I see it on an amd64 system. With debug.kdb.alt_break_to_debugger=1, I can enter ddb using the alt break sequence and resuming works fine. When I enter with sysctl debug.kdb.enter=1, I get the same hang. Happily, I can re-enter ddb in this state using the alt break sequence, so it's possible to debug a bit.

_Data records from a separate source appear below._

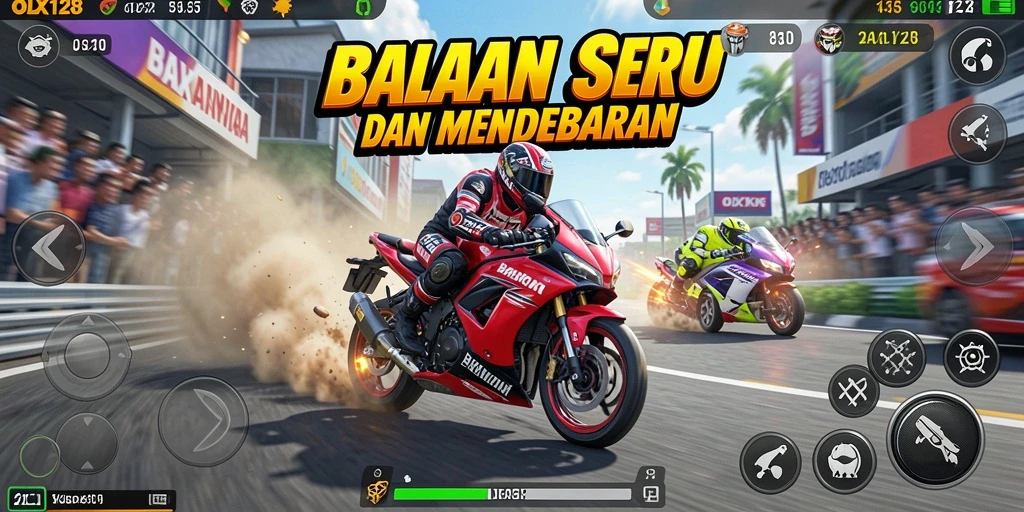 Screenshot menampilkan balapan motor yang mendebarkan dengan trek yang menantang.
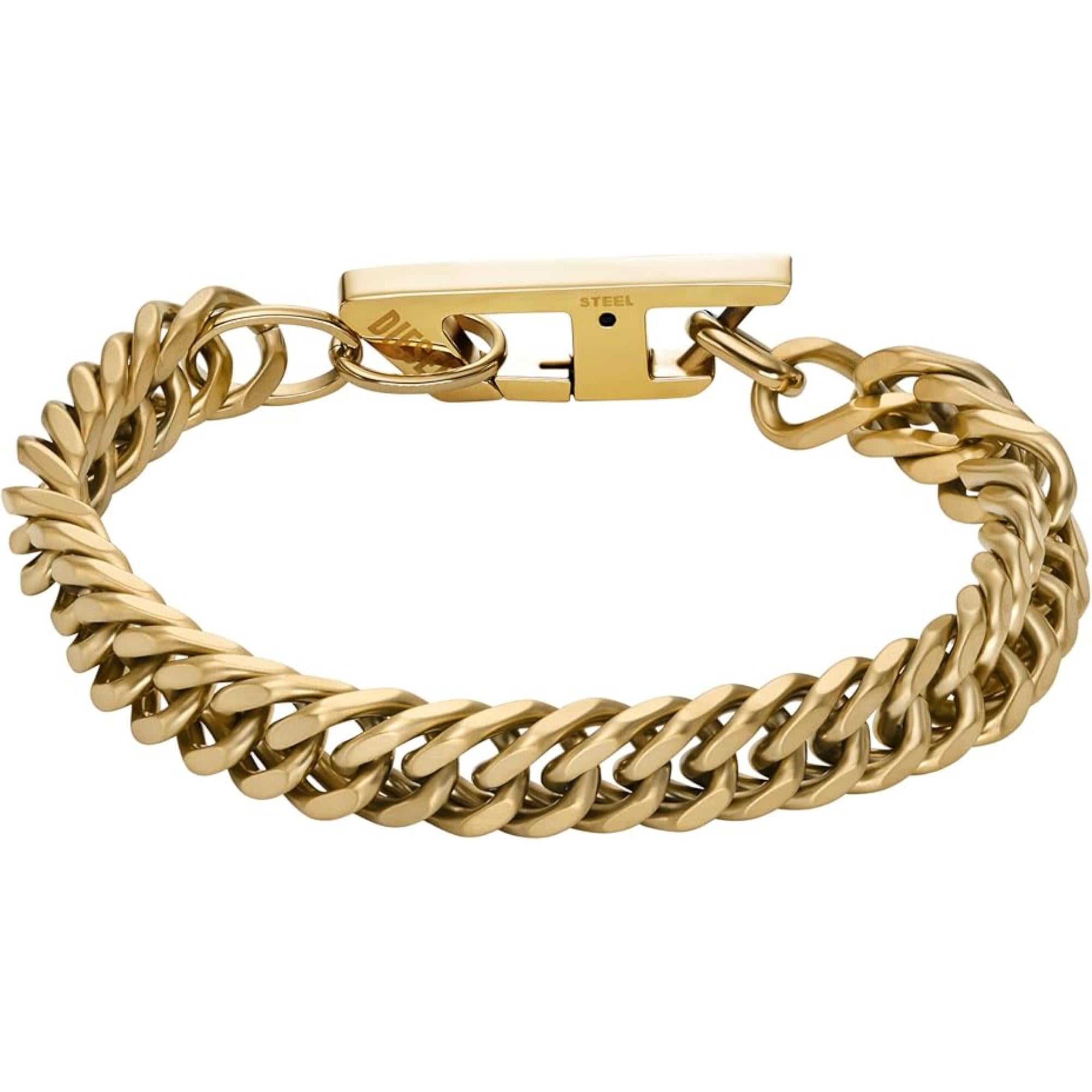 Diesel Matte Gold-Tone Stainless Steel Chain Link Unisex Bracelet DX1511710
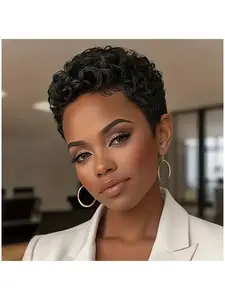 Women's Virgin Human Hair Pixie Cut Wig, Glueless Short Curly with Bangs, Natural, Comfortable & Easy Maintenance 4inch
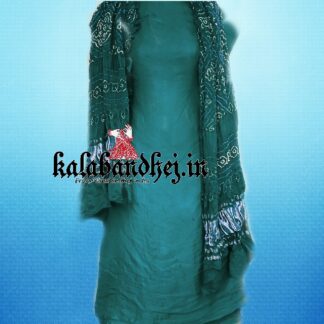 Gaji Silk Rama Grey Dress Material Bandhani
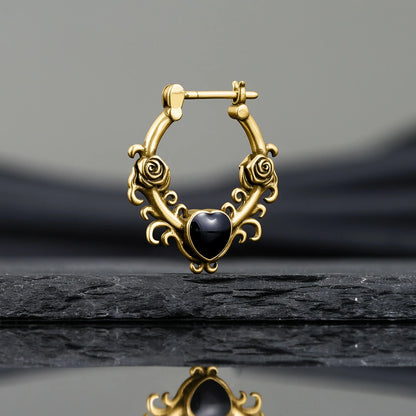 Punkyouth Thornheart earrings featuring sculpted roses and black heart-shaped resin centers, product image 10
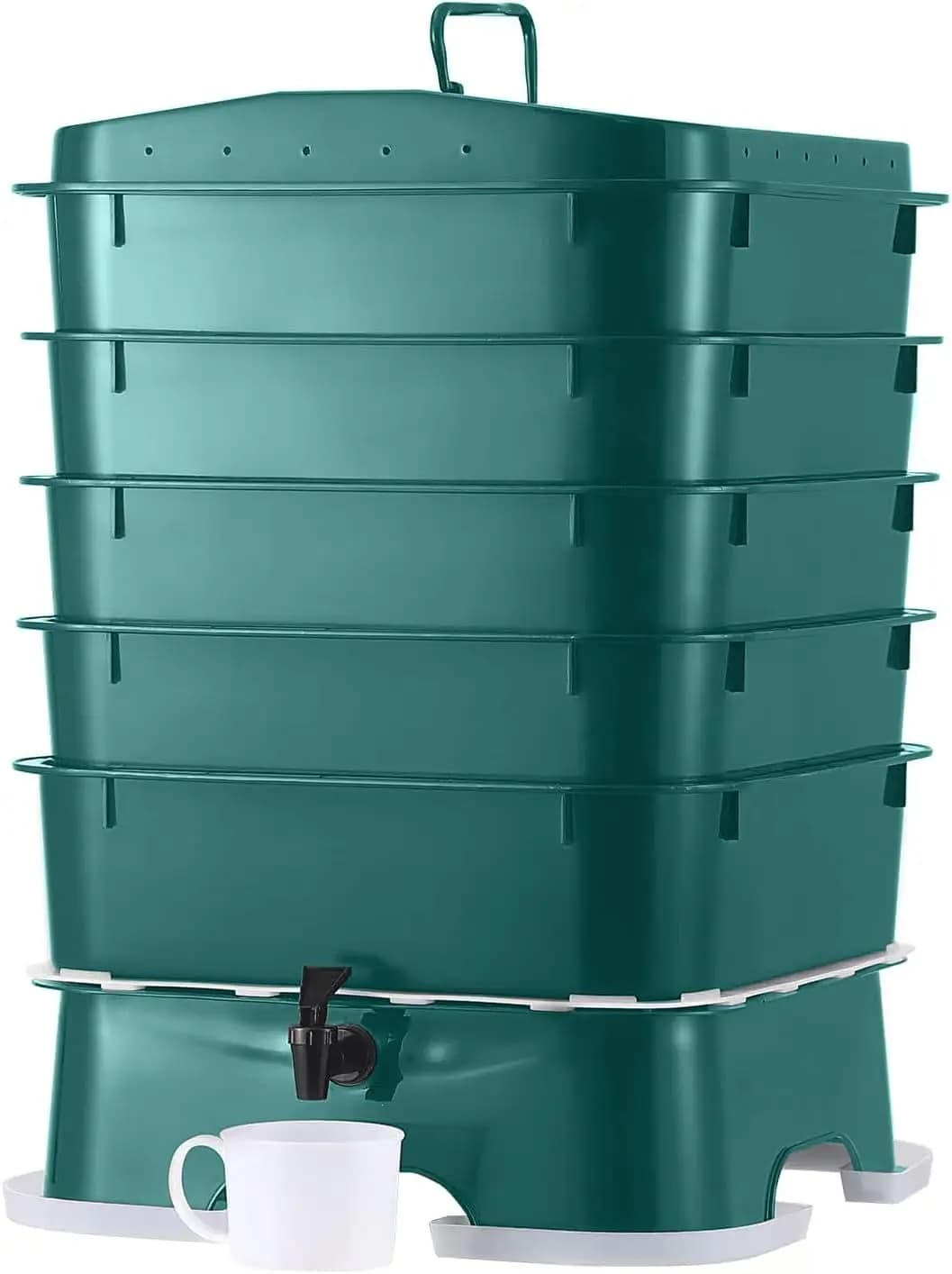 Composter a 5 Vassoi per Vermi – Sistema a Flusso Continuo per Uso Interno ed Esterno, Riciclatore di Rifiuti Organici, Verde Scuro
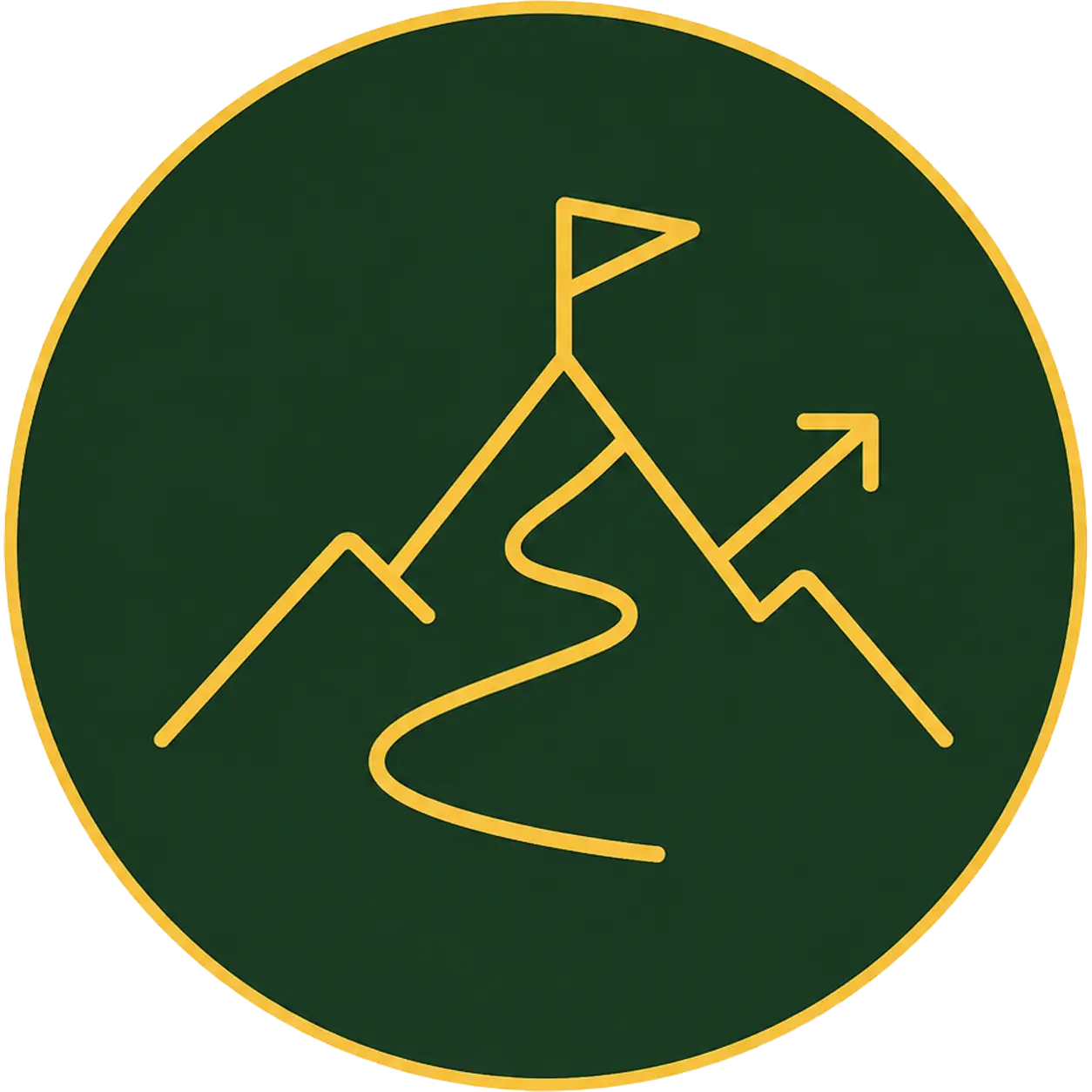 Stylized mountain logo with a winding path and flags, symbolizing growth and exploration on the About us page.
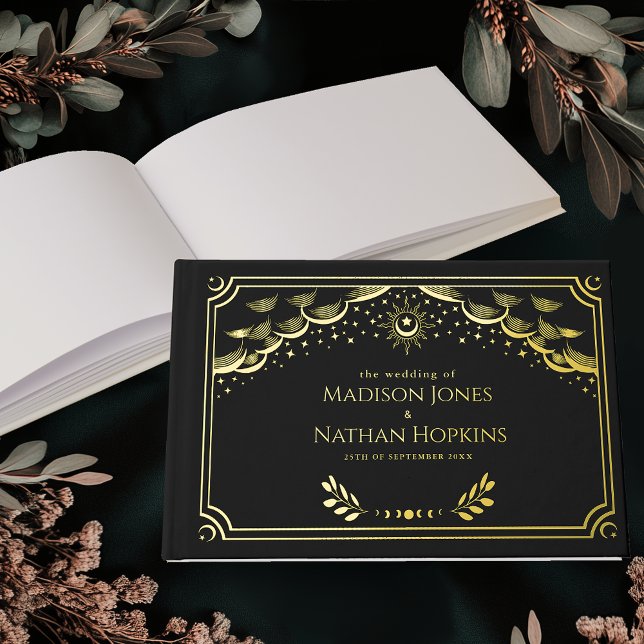 Libro De Visitas Classy Gold Tarot Card Boda Guest Book (Subido por el creador)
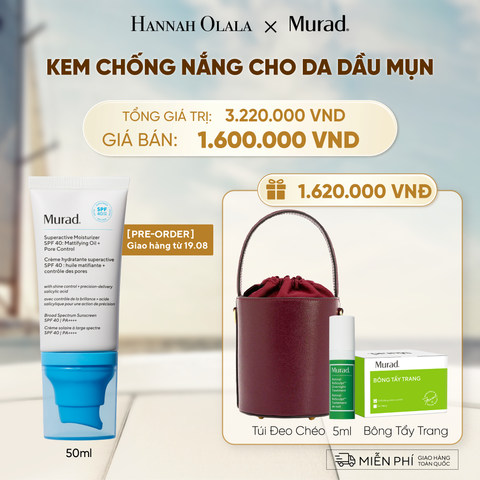  KEM CHỐNG NẮNG HỖ TRỢ GIẢM DẦU THỪA & SE KHÍT LỖ CHÂN LÔNG - MURAD SUPERACTIVE MOISTURIZER SPF40 50ML 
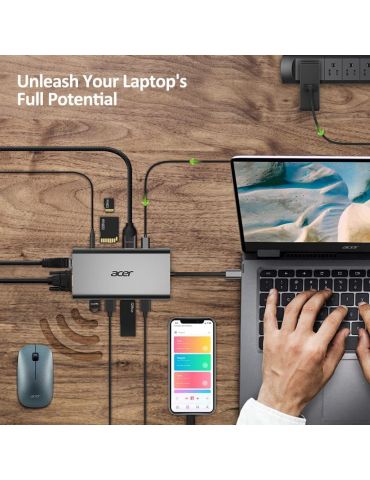 Acer 11in1 Type C dongle Prin cablu USB 3.2 Gen 1 (3.1 Gen 1) Type-C Argint Acer - 6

In this state, the shell is stuck:
Tracing pid 1447 tid 100097 td 0xfffffe000b532c00
sched_switch() at sched_switch+0x5b2/frame 0xfffffe003bac74c0
mi_switch() at mi_switch+0x155/frame 0xfffffe003bac74e0
sleepq_switch() at sleepq_switch+0x11a/frame 0xfffffe003bac7520
sleepq_catch_signals() at sleepq_catch_signals+0x262/frame 0xfffffe003bac7570
sleepq_timedwait_sig() at sleepq_timedwait_sig+0x12/frame 0xfffffe003bac75b0
_cv_timedwait_sig_sbt() at _cv_timedwait_sig_sbt+0x184/frame 0xfffffe003bac7620
tty_drain() at tty_drain+0x1cc/frame 0xfffffe003bac7680
tty_ioctl() at tty_ioctl+0x26d/frame 0xfffffe003bac76d0
ttydev_ioctl() at ttydev_ioctl+0x247/frame 0xfffffe003bac7720
devfs_ioctl() at devfs_ioctl+0xcc/frame 0xfffffe003bac7770
vn_ioctl() at vn_ioctl+0x132/frame 0xfffffe003bac7880
devfs_ioctl_f() at devfs_ioctl_f+0x1e/frame 0xfffffe003bac78a0
kern_ioctl() at kern_ioctl+0x276/frame 0xfffffe003bac7900
sys_ioctl() at sys_ioctl+0x127/frame 0xfffffe003bac79d0
amd64_syscall() at amd64_syscall+0x135/frame 0xfffffe003bac7af0
fast_syscall_common() at fast_syscall_common+0xf8/frame 0xfffffe003bac7af0
--- syscall (54, FreeBSD ELF64, sys_ioctl), rip = 0x8005e016a, rsp = 0x7fffffffd8e8, rbp = 0x7fffffffd930 ---
Indeed, there are some bytes "stuck" in the tty queues:
db> show tty 0xfffff80004075000
inq: 0xfffff80004075048 begin 0 linestart 2 reprint 2 end 2 nblocks 180 quota 180
outq: 0xfffff80004075088 begin 16 end 29 nblocks 93 quota 93
termios: iflag 0x2b02 oflag 0x7 cflag 0xcb00 lflag 0x5cb ispeed 115200 ospeed 115200
winsize: row 87 col 319 xpixel 0 ypixel 0
termios_init_in: iflag 0x2b02 oflag 0x3 cflag 0xcb00 lflag 0x5cb ispeed 115200 ospeed 115200
termios_init_out: iflag 0x2b02 oflag 0x3 cflag 0xcb00 lflag 0x5cb ispeed 115200 ospeed 115200
termios_lock_in: iflag 0x0 oflag 0x0 cflag 0x0 lflag 0x0 ispeed 0 ospeed 0
termios_lock_out: iflag 0x0 oflag 0x0 cflag 0x0 lflag 0x0 ispeed 0 ospeed 0
devsw: uart_tty_class (0xffffffff818d0a08)
hook: 0 (0)
pgrp: 0xfffff800036f6080 gid 1447 jobc 1
session: 0xfffff80004587b80 count 2 leader 0xfffff80006b43000 tty 0xfffff80004075000 sid 1443 login root
So I guess there is some race that results in uart(4) not handling an interrupt, so ttydisc_getc() isn't getting called to drain the outq.